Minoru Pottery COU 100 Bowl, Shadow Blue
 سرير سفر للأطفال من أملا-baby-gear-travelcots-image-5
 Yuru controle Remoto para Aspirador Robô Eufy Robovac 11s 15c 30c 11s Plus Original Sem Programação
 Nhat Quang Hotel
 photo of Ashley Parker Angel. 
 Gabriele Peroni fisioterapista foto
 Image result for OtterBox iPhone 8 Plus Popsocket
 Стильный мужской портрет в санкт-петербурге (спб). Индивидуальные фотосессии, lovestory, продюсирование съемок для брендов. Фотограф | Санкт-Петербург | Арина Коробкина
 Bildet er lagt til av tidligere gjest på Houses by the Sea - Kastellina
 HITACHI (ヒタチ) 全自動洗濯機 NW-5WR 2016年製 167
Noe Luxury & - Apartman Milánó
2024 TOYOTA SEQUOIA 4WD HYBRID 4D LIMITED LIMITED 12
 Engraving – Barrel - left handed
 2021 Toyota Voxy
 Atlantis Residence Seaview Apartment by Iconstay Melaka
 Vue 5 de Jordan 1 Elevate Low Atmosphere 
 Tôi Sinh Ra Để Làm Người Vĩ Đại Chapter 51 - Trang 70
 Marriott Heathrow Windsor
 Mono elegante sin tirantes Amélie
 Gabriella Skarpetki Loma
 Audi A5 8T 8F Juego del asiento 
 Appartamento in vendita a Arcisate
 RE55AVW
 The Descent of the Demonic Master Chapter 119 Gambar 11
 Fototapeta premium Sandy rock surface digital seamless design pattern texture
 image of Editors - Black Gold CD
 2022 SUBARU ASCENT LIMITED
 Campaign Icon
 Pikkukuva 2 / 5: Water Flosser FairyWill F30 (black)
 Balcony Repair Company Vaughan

• **What the task requires**: For each line of the entries that holds the word "Plus", pull that line out.

• **Result of the task**:
 Yuru controle Remoto para Aspirador Robô Eufy Robovac 11s 15c 30c 11s Plus Original Sem Programação
 Image result for OtterBox iPhone 8 Plus Popsocket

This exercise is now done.